They have disassociated themselves from ferocity. They do not desire to crush or kill the tiger. Their minds are so filled with love and compassion that there is no point of connection between them and the destructive instinct in the beast.

When we get away from the fear of "impure" love; when we get away from the tremendous load of belief in evil which keeps the back bent and the eyes lowered to the dust, we will be ready to meet the pure and perfect love when it comes; and when we are fit for it we will meet it and when we have found this pearl of great price, all doubt and fear, all jealousy; all dissatisfaction will vanish. There will be no fear of "losing" each other. The union is an interior one, and even though "seas divide and mountains vast, rear their proud crests 'tween thee and me," the call of soul to soul will be felt and answered. Byron says:

"There are two souls of equal flow,

Whose gentle streams so calmly run,

That when they part—they part? Oh no,

They cannot part, those souls are one."

With a sentiment such as this between two beings, what need for vows and promises, and bonds?

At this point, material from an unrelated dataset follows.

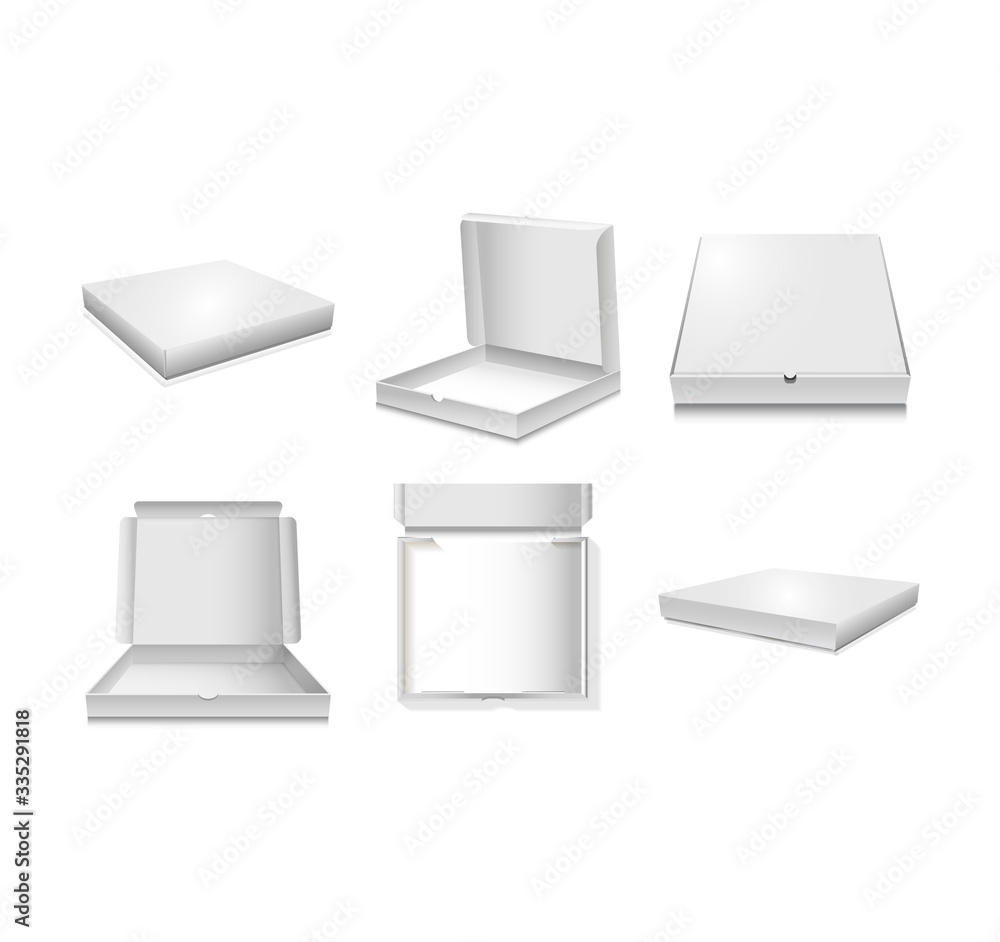 Big vector set of cardboard pizza boxes. Pizza box vector mock up. Big vector set of cardboard pizza boxes. Pizza box vector mock up.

It is customary for writers on the sex question to emphatically, even feverishly, emphasize the fact that they have no intention of implying that they would do away with the bonds of matrimony; and although this conclusion is inevitable where one's intellect is active and the faculty of deduction brought into play, yet the false modesty that prevails and the prejudices that blind the eyes of the multitude, and above all, the tendency of the undeveloped race-mind to impute personal motives to such as would, if permitted, lead them to a freer, and consequently a purer life, impel the writer to deny that which is, finally, the very point at issue.

In the interest of Truth, we are compelled to state that we would do away with "bonds." We would substitute therefor mutual agreements, subject to renewal or repudiation within certain defined and mutually helpful conditions. Vows and bonds and oaths are the crutches of the crippled human race. We need not always walk lame.

It may be argued that man is still largely animal; yes, but the surest way to keep him so is to treat him like an animal. If we remind him that he is also a man and that he may be a god; and if we point out to him the way in which he may accomplish this transmutation, no man has so little intelligence that he will not attempt to follow, when assured that God-hood means a bliss so great that he can hardly imagine it; that it means cessation of the "endless round of births and deaths" from which Gautama, the Buddha, sought to free himself. Mankind has always been promised immortality through spiritual union—with what? An abstract principle called God, or Aum or any other impersonal formless all-inclusive Being?